Un generoso plato fuerte a seleccionar de entre 10 opciones, sopa o pasta del día, agua de frutas de temporada y tortillas de maíz morado a mano con servicio ilimitado, postre y salsas en mesa por 35 pesos en el mercado central de Xalapa. Un pan francés de horno de leña relleno de lechón cocinado bajo estrictos cánones yucatecos, xnipec y chile en polvo por 30 pesos en el mercado de Santa Ana en Mérida. Un tamal de frijol criollo con hoja de aguacate envuelto en papatla por 5 pesos en Zacatlán de las Manzanas. Una empanada de sesos de cerdo en adobo de guajillo y hoja santa en el día de plaza de Zaachila, Oaxaca, por 12 pesos.

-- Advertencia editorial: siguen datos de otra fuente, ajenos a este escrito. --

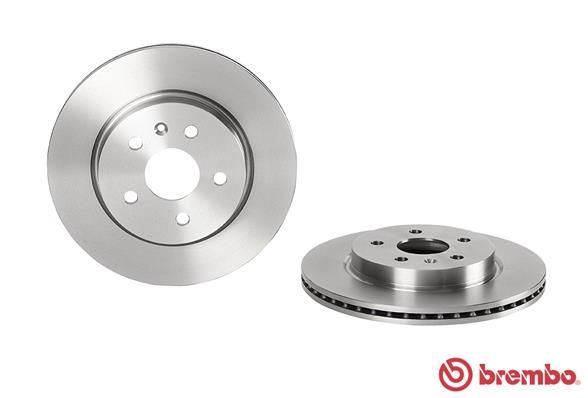 BREMBO Jarrulevy 09.A972.10
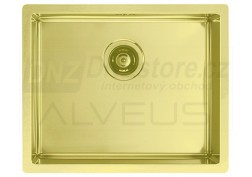 Nerezový dřez Alveus Monarch Quadrix 50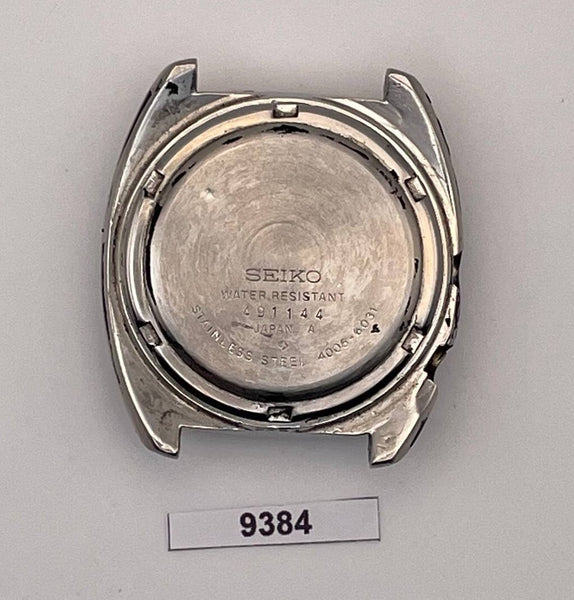 USED SEIKO BELLMATIC 4006 POLISHED KIT CASE STEEL MENS WATCH BVT09384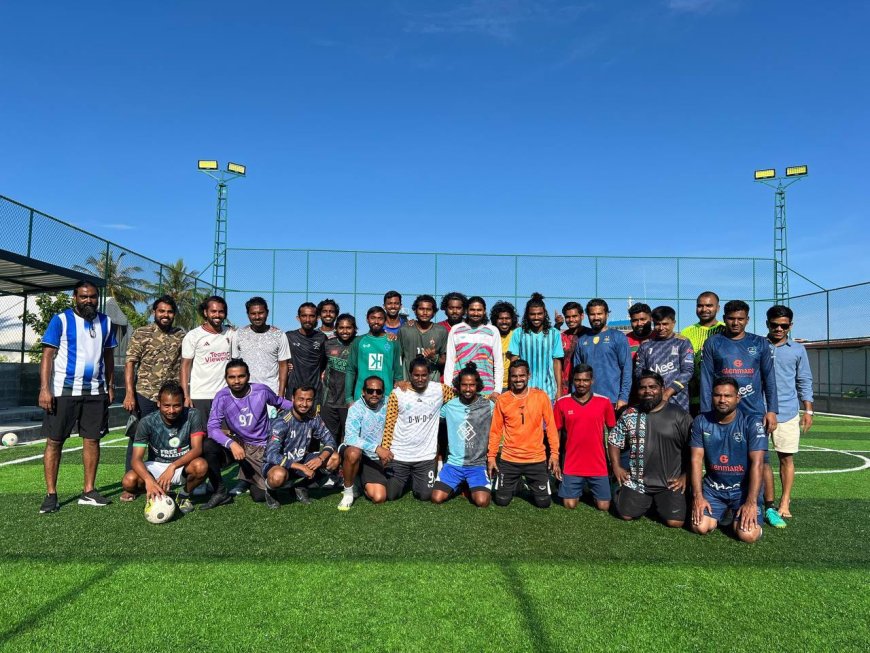 ADK Synergy Gears Up for Club Maldives Cup 2024!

Y la lista sigue hasta cansar y revelar tres grandes verdades de la cocina mexicana tradicional, sí, esa exaltada en documentales, patrimonializada, y ahora de moda entre las nuevas generaciones y gentrificada hasta decir basta). Primero, que la diversidad culinaria de este país es más grande de lo que imaginamos, evoluciona todos los días, se adapta a las condiciones ecológicas contemporáneas y que aún expresa puntualmente las diferencias regionales.

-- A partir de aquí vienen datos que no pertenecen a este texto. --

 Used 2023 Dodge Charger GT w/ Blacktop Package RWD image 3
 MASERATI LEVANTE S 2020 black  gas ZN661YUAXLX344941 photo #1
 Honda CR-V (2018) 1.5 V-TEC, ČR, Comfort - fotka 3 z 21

Segundo, que es tan mal pagada que es violento y doloroso. Sin deseos academicistas, para explicar este fenómeno se requieren muchas horas para apenas reconocer la complejísima madeja de contradicciones que es México y su historia.

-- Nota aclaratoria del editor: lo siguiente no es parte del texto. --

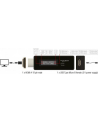 DeLOCK HDMI tester for EDID information with OLED Display, Meter (Black) - nr 15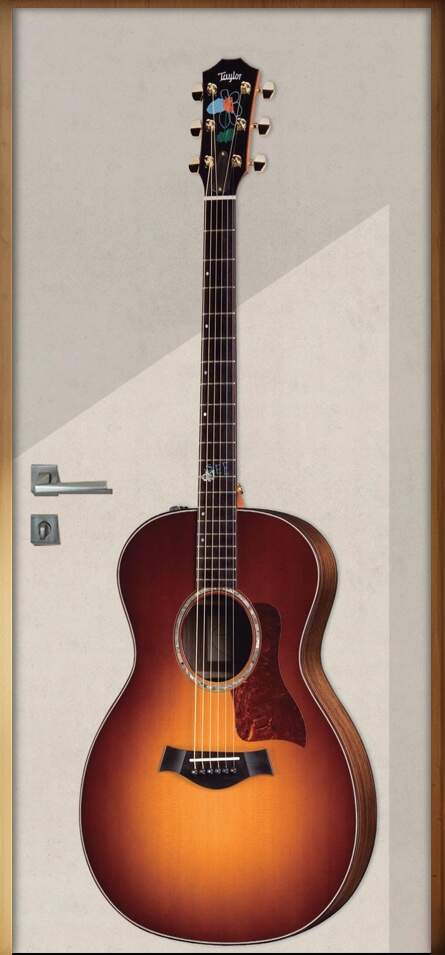 Adesivo para Porta Musica Violo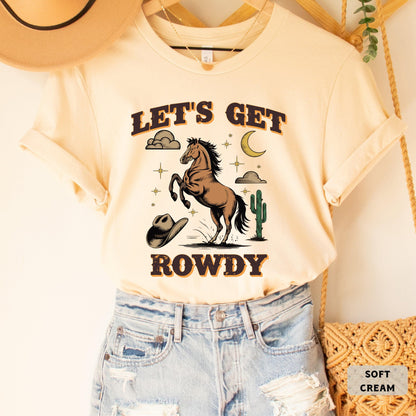 Western Bridal Party Shirt My Last Rodeo Shirt Lets Get Rowdy Shirt Country Bachelorette Shirt Cowgirl Bach Party Shirt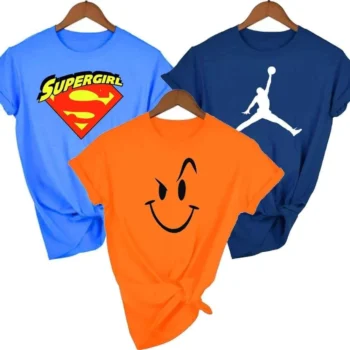 Bundle Of 3 Funky Printed T-shirt's D-1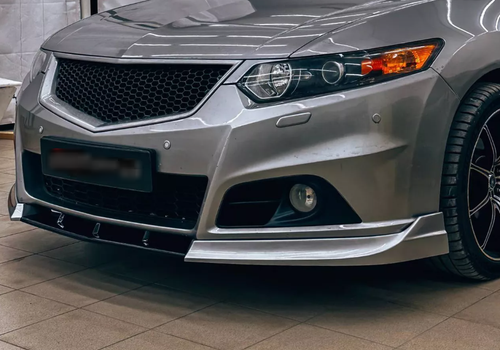 Сплиттер на передний бампер Modulo Honda Accord8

Y después de muchas lágrimas literales y metafóricas por la evidente circunstancia económica de la cocina mexicana tradicional viene la mayor de las revelaciones: es un problema de raíz, más de fondo que de forma, un nudo gordiano que se resiste a encontrar su propia respuesta y en el que unos viven atrapados o mortalmente sofocados, pero en definitiva nadie se encuentra a salvo.
Somos un país de extrema riqueza geográfica, cultural, e histórica manifestada en las diferentes cocinas del territorio con ofensivos niveles de injusticia e inequidad social en quienes la ejecutan. Hoy somos actores y testigos de la época con mayor difusión de los valores culinarios nacionales y es cuando el maíz morado orgánico se paga a 3 pesos el kilo en poblados de la sierra Tarahumara, cinco de cada diez chiles en los mercados mexicanos son extranjeros, las semillas originales de decenas de calabazas, frijoles y tomates están casi extintas, se paga en Polanco un taco de aguacate en 50 pesos o un plato de hongos de temporada en más de 400, mientras que en Michoacán y Estado de México (origen del aguacate y hongos, respectivamente) los productores o recolectores pasan penurias económicas.

En realidad, nadie es directamente culpable pero sí todos somos responsables por contribuir desde la desinformación, la inconsciente formación académica, la deficiente investigación de campo, y la prepotencia de la pose pública por encima de las auténticas intenciones filosóficas. Muchos nos hemos desviado del camino y dejamos de observar a la gastronomía como un motor de transformación social, pero sin fatalismos ni esperanzas vanas, hoy más que nunca debemos hacer a un lado la muy trillada discusión sobre la grandeza culinaria nacional, y abrir el debate sobre nuestro papel en la amplia cadena de valor sin miedo a aceptar que frecuentemente seremos inútiles ante el mar de problemas llamado México.
Es urgente saber cuánto cuesta realmente la cocina mexicana para evitar mayores fugas y extinciones de capital, productos y técnicas. Es necesario saber más para ignorar menos, y con ello guardar esperanza en mover un poco la muy oxidada -pero funcional- forma de hacer, comercializar y comprender la cocina mexicana.